Assignment >>
Return the lines of the listing below exactly as they appear, beginning at the one with "Sparkling light bulb" and stopping after the one with "Multicolor Cartoon Lines"; do not include pictures.
[Records provided — start]
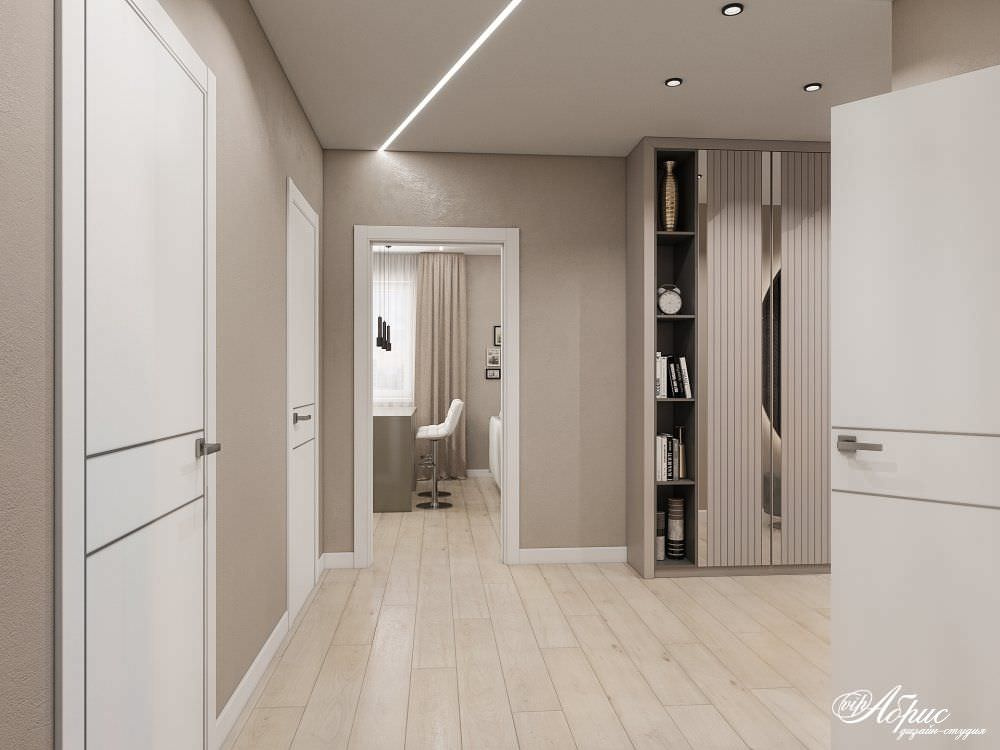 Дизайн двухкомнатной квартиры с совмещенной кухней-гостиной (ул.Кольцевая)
[Records provided — finish]
[Records provided — start]
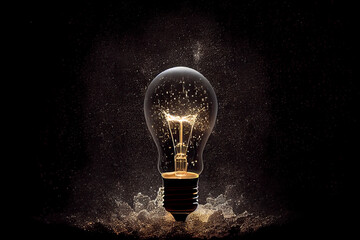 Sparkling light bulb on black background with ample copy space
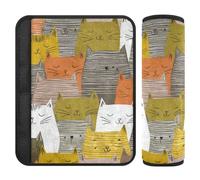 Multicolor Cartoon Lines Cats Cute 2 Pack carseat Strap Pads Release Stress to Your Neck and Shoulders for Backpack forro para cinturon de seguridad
[Records provided — finish]
Response >>
 Sparkling light bulb on black background with ample copy space
 Multicolor Cartoon Lines Cats Cute 2 Pack carseat Strap Pads Release Stress to Your Neck and Shoulders for Backpack forro para cinturon de seguridad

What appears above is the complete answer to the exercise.